ロベルト もう2021年のことを考えている。まずは昨年のシカゴ滞在時、ベースのエリック・ハクバーグとデュオで録音した『Shuffling Ivories』を出すことになるだろう。選曲はユービー・ブレイクからアンドリュー・ヒルまで、広い範囲で取り上げている。マイアミでヴィブラフォン兼コンガ奏者のアルフレード・チャコンと吹き込んだ『Matching Point』は2022年のリリースになるかな。もちろん先に触れたマーク・コルビーとのデュオ作品もあるし、出したいアイテムはいっぱいあるんだ。それから『Suite!』を気に入ってくれた方には、ぜひ私のトリオがカンザス・シティで録音した『Enigmatix』、『World Gardens』、それからセクステットで録音した『Live in Miami at the WDNA Jazz Gallery』も聴いてほしい。こちらには、この前グラミー賞を獲ったトランペット奏者のブライアン・リンチも参加しているよ。

<『Enigmatix』>


<『World Gardens』>


<『Live in Miami at the WDNA Jazz Gallery』>


--- JMoodからあなたが出している作品は本当に多彩です。まるでひとりのミュージシャンとは思えないほどに。
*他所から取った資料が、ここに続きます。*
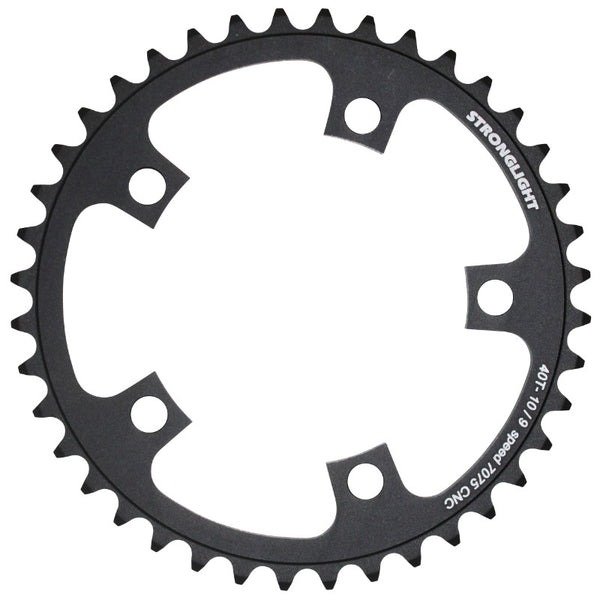 Plateau Route 5 branches Ø 110 Stronglight 40 dents Intérieur Noir Alu 7075 Type Shimano 9-10V.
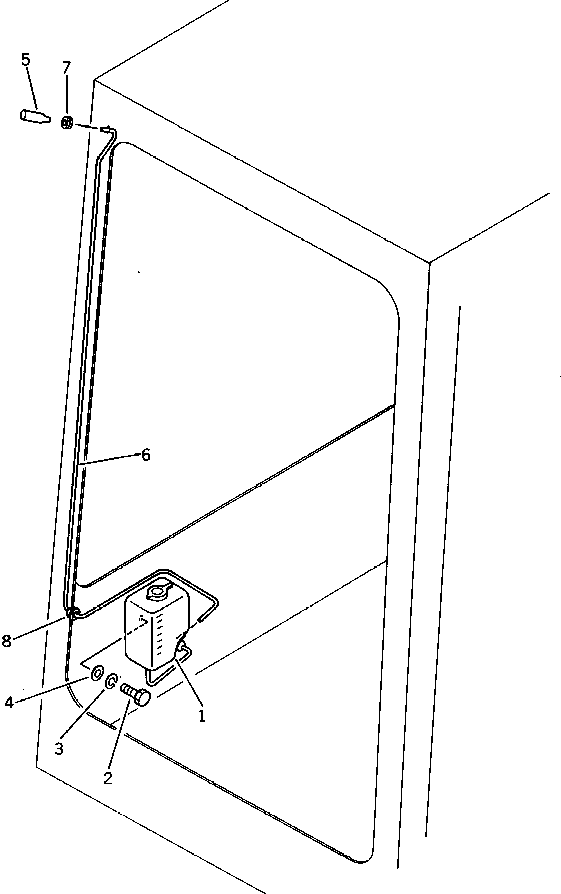 Komatsu parts book diagram for PC15T-2 S/N 2001-UP: WINDOW WASHER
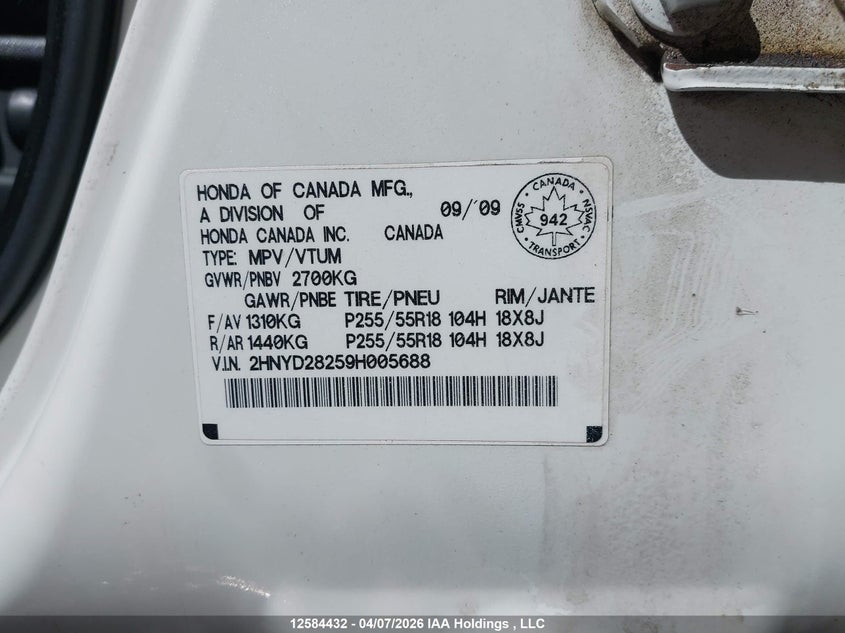 2009 Acura Mdx VIN: 2HNYD28259H005688 Lot: 12584432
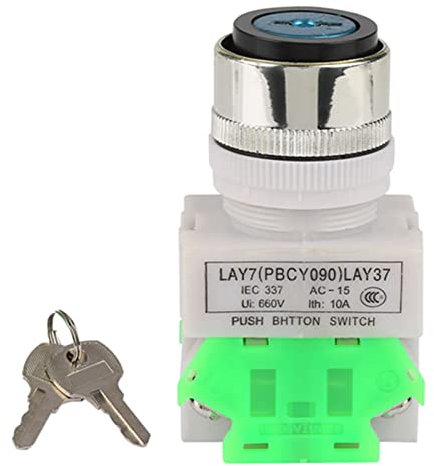 Interruptor con Llave de 3 Posiciones 2NO + 1NC Montaje de 22 Mm LAY37-20Y/31, 100% Nuevo y de, con 2 Llaves para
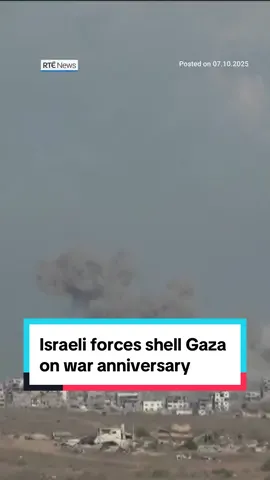 Israeli forces pounded parts of Gaza on the second anniversary of the 7 October attacks. Residents in Khan Younis in southern Gaza and Gaza City in the north reported heavy bombing from tanks and planes in the early hours. It comes as Hamas and Israel continue indirect negotiations in the Egyptian resort of Sharm el-Sheikh, which the US hopes will bring a halt to war in Gaza and release of hostages.  Link in bio to read more📲 #rtenews #gaza #israel #middleeast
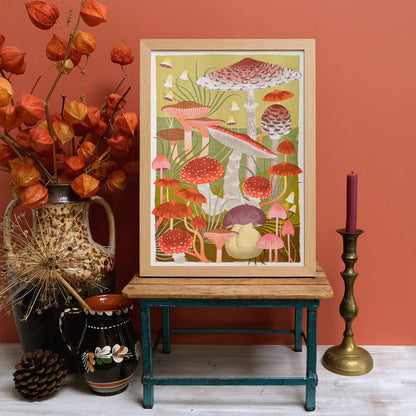 Fungi | A3 Risograph Print, wall art | Mushroom, Autumn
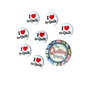 Quilting pinback buttons set: white 'I Love to Quilt' circles plus 'Quilting Queen' button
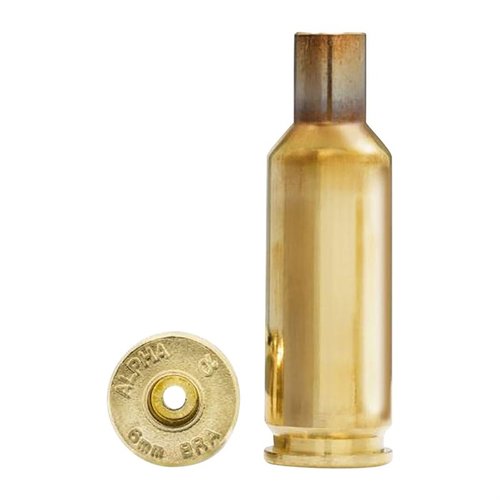 Die 6MM BRA Brass von Alpha Munitions bietet eine verbesserte Effizienz, längere Lebensdauer und höhere Kapazität für präzise Schüsse mit 105-Grain Geschossen.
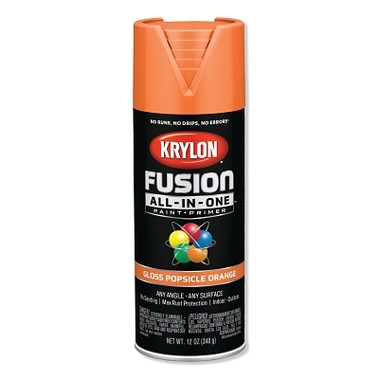 Krylon Fusion All-in-One Paint + Primer, 12 oz, Popsicle Orange, Gloss (6 CN / CA)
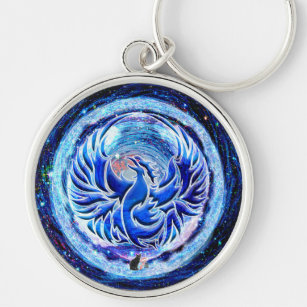 Blue Phoenix Keychain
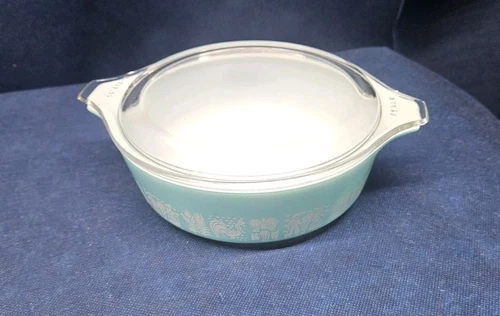 Vintage 1950's Pyrex Butterprint Turquoise #471 Covered 1 Pt. Casserole Dish EUC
ロベルト JMoodのオーナーで、私の友人、プロモーター、プロデューサーであるポール・コリンズのおかげだよ。彼が各アルバムの基本的コンセプトを決め、私を含む“JMood Team”が動き出す。このチームは常に新たな要素、とくに若いミュージシャンを歓迎する。私がJMoodの音楽に一番求めているのはジャズに美しい姿勢で前向きに取り組み、いろんな音楽の間に橋をかけて、レーベルのスタッフたち、音楽家、リスナー、ファンとフレンドリーな関係を築ける人材なんだ。そして私に関していうと、心をオープンにして、いろんな知識を新たに得るための情熱を保ち続けている。その物事にある“源”を意識しながらね。演奏や作曲をするときにはインスピレーションにまかせ、特に何かに強くこだわることはないが、ヨーロッパ人ジャズ・ミュージシャンである私と、アフリカ系アメリカ人のジャズ・トラディションの関係性を、忘れろと言われても難しいとは思う。
日本の皆さんとこういう形で触れ合えることがとてもうれしいよ。私は長年柔道をやってきて、黒帯をとることもできた。数年前にひざを痛めてしまったが、さいきん復調してきたので、また取り組みたいと思っている。柔道は私にとって肉体的、哲学的に本当に重要なものなんだ。